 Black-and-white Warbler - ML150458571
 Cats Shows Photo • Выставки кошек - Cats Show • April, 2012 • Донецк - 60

==

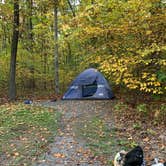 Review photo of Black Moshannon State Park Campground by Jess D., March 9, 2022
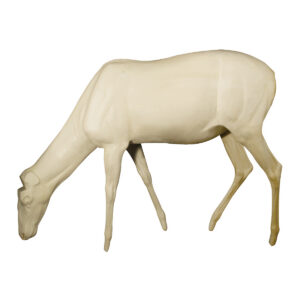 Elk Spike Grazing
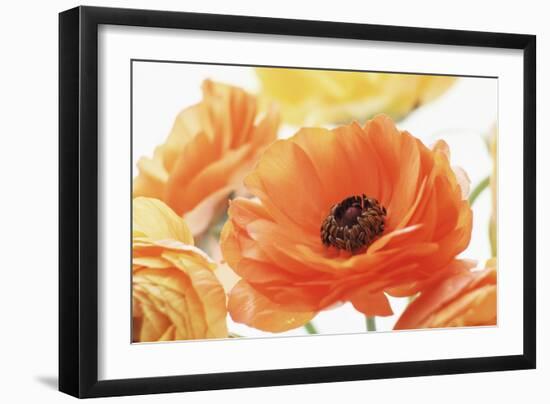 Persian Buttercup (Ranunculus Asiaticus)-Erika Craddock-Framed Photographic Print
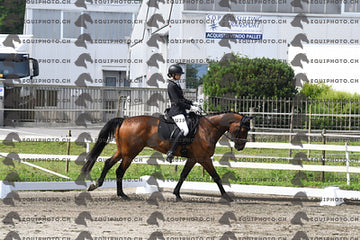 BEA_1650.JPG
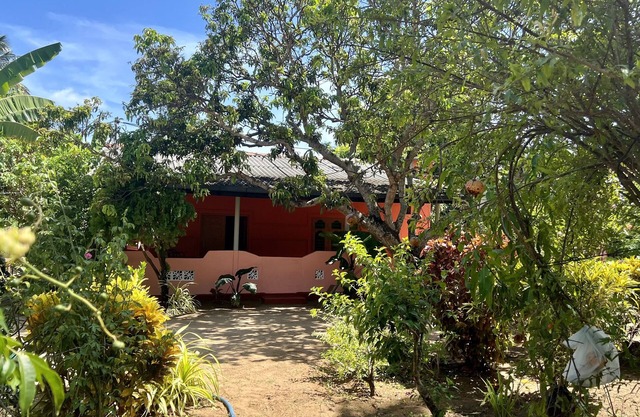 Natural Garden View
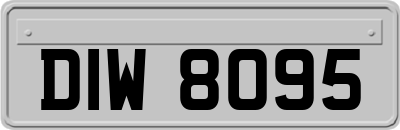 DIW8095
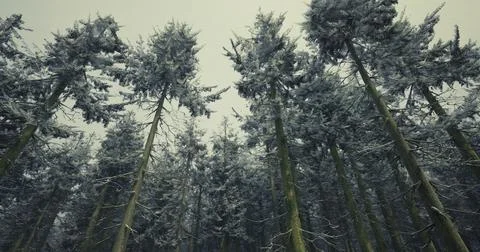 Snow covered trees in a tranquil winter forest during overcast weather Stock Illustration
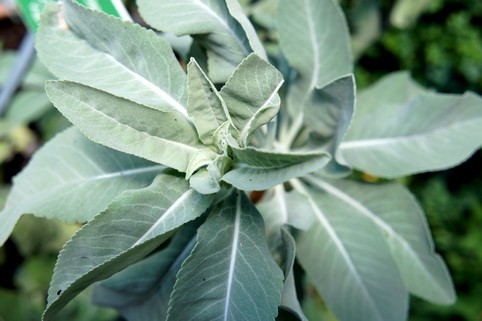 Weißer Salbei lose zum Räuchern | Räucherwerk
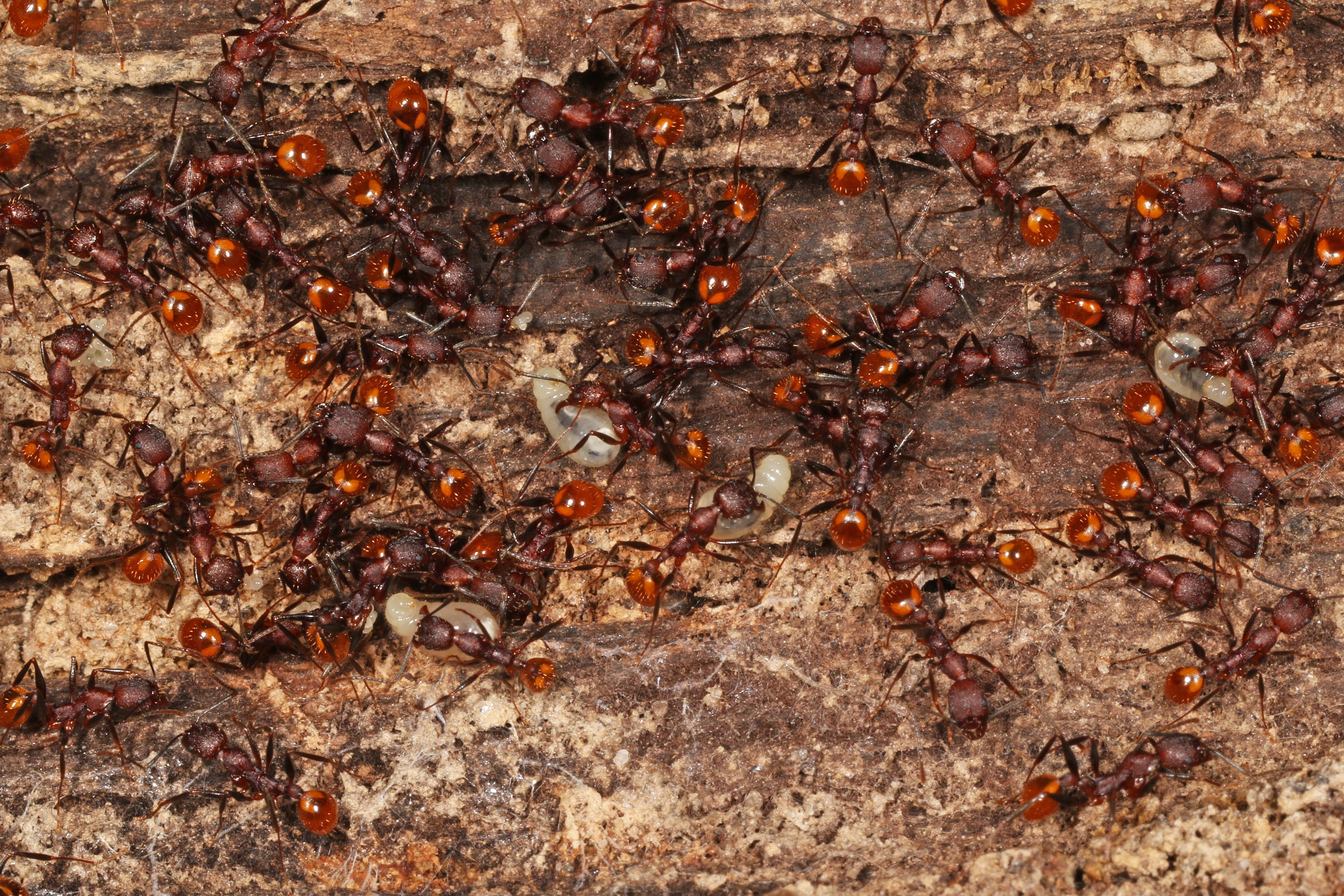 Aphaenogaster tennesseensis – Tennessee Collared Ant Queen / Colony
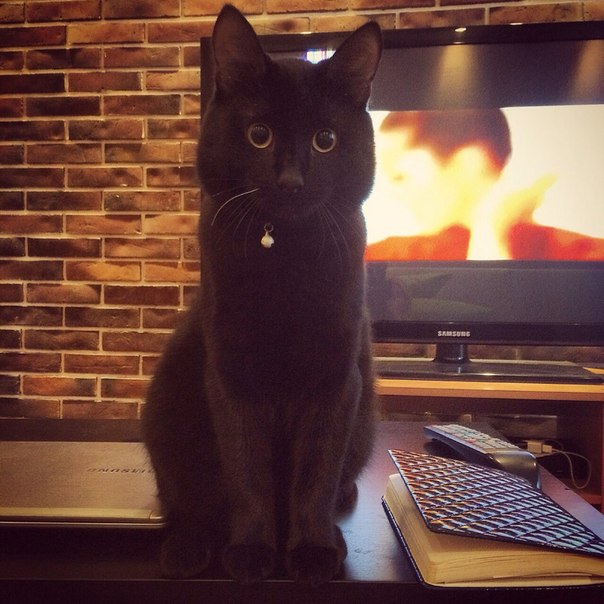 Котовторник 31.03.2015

* * *

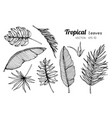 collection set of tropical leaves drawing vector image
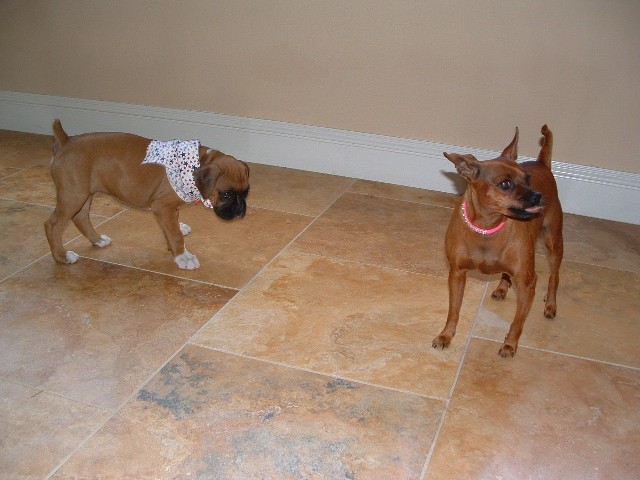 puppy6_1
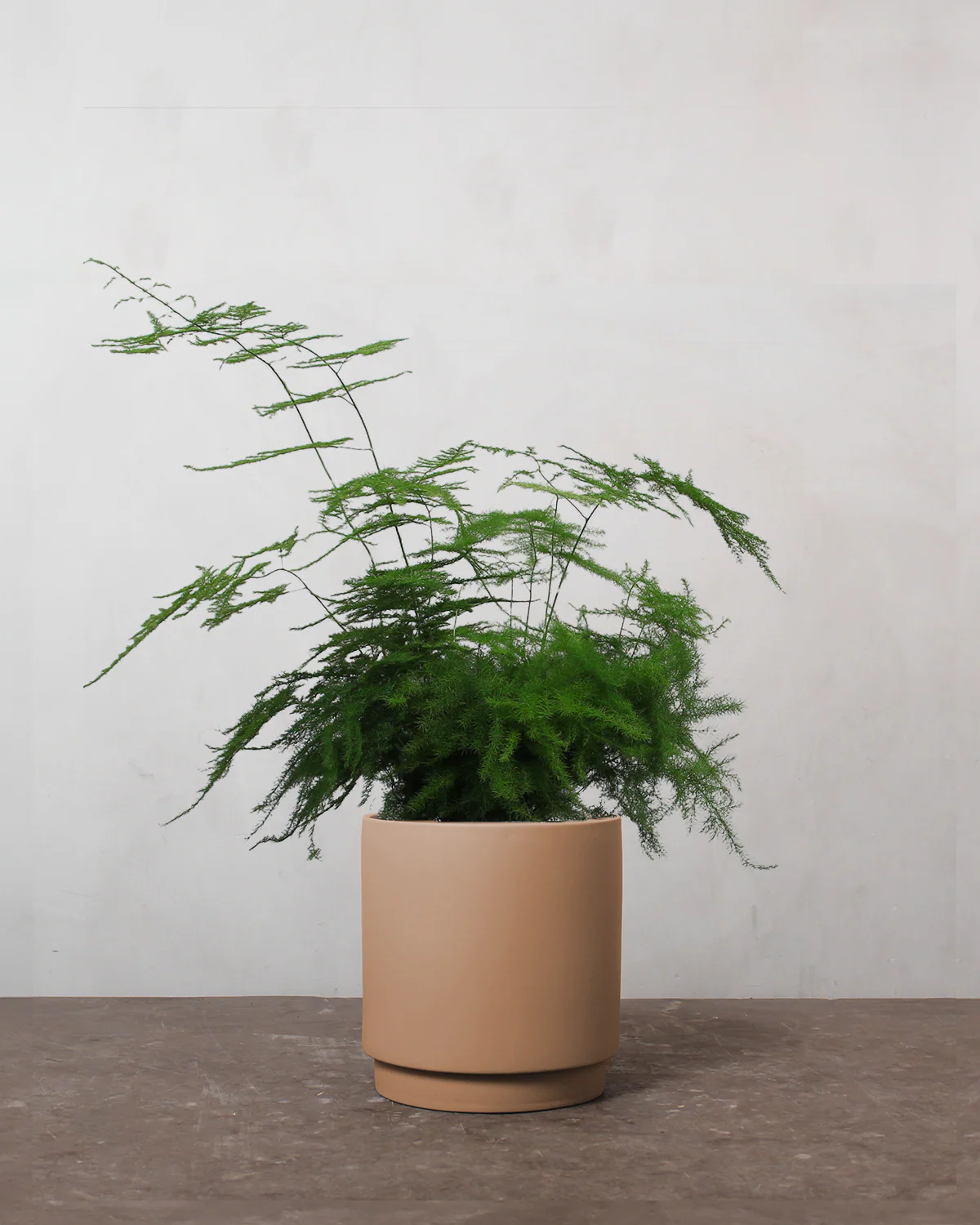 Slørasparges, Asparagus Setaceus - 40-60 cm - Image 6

(TASK REQUIREMENTS): Going by the data above, the answer is exactly the lines from the one holding "Natural Garden View" to the one holding "Котовторник 31.03.2015", both kept, with the pictures left out.

(WRITTEN RESPONSE):
 Natural Garden View
 DIW8095
 Snow covered trees in a tranquil winter forest during overcast weather Stock Illustration
 Weißer Salbei lose zum Räuchern | Räucherwerk
 Aphaenogaster tennesseensis – Tennessee Collared Ant Queen / Colony
 Котовторник 31.03.2015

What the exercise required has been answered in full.